**YOUR TASK**
Write the full listing out again, word for word, but omit the pictures.

** Opening SOURCE MATERIAL block **

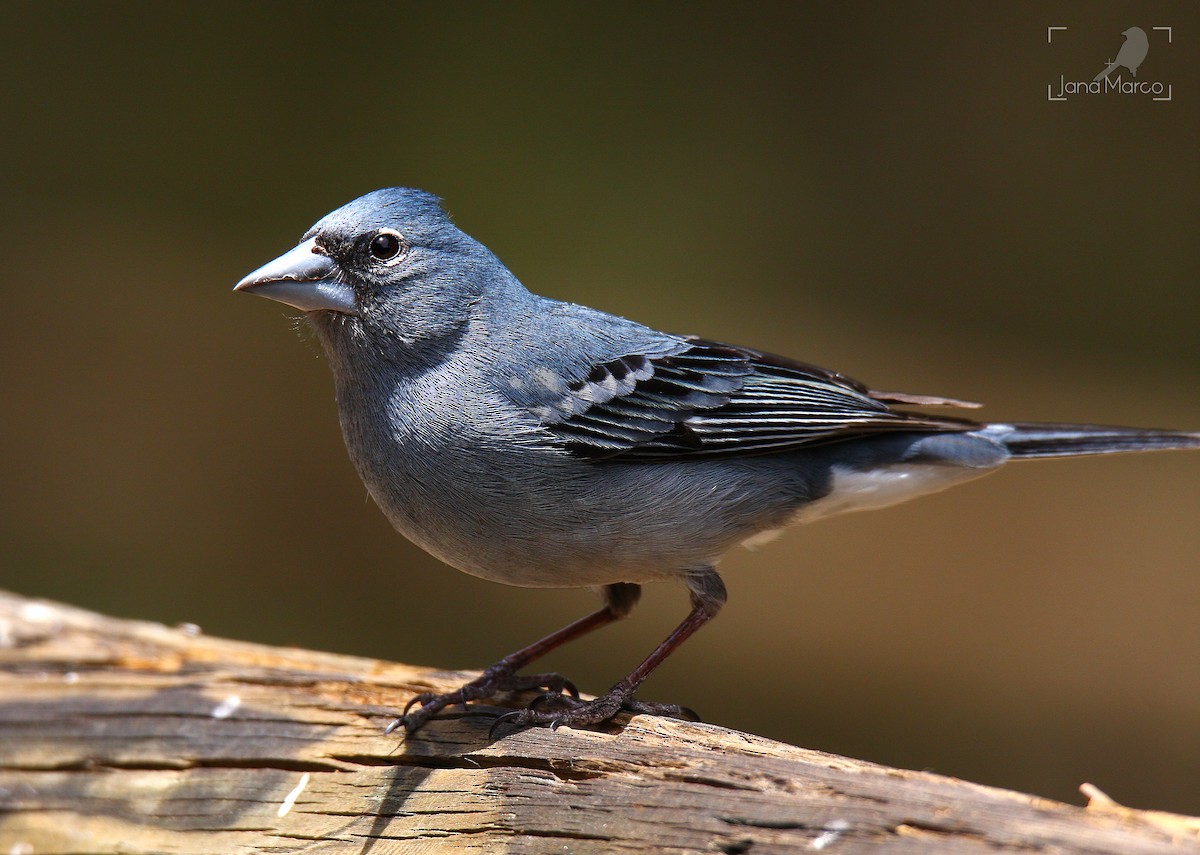 Tenerife Blue Chaffinch - ML245556671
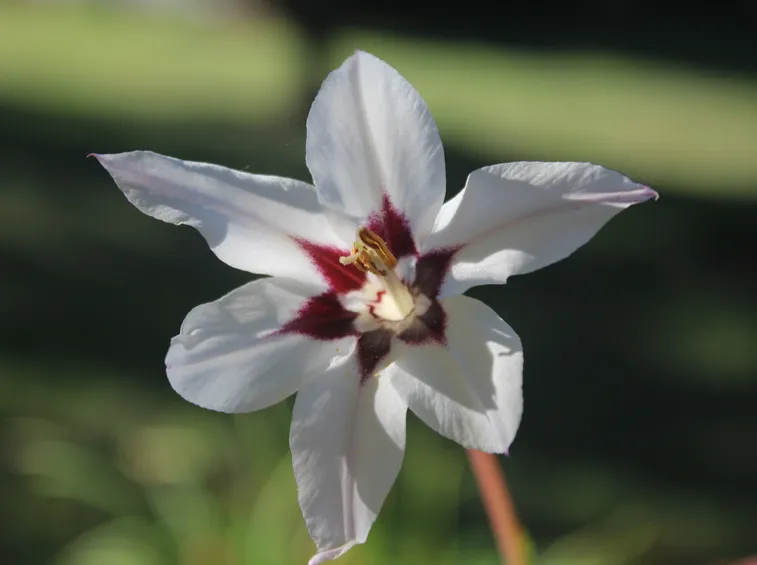 fiore bianco
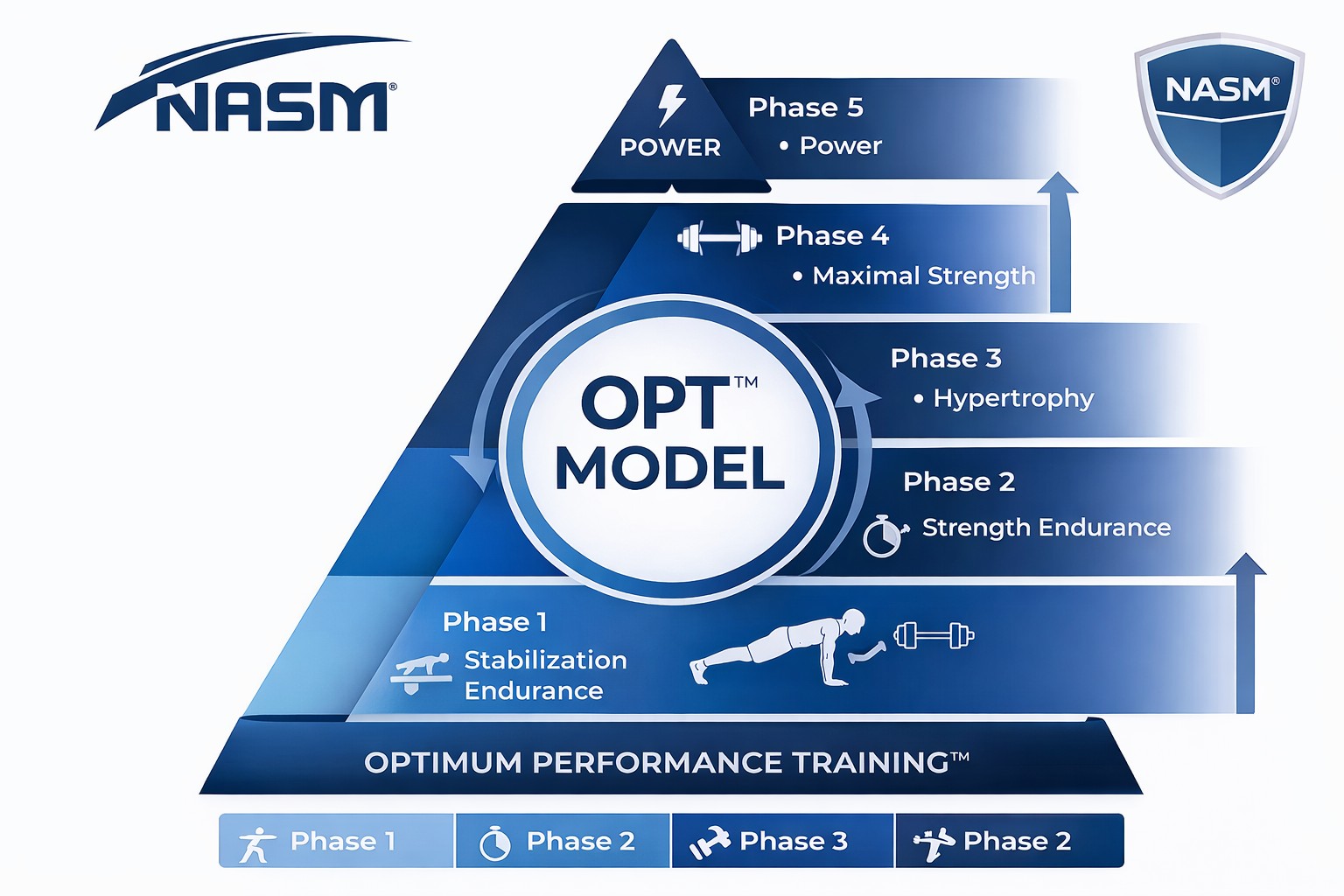 OPT model infographic 1024kb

** Closing SOURCE MATERIAL block **

**ANSWER SECTION**
 Tenerife Blue Chaffinch - ML245556671
 fiore bianco
 OPT model infographic 1024kb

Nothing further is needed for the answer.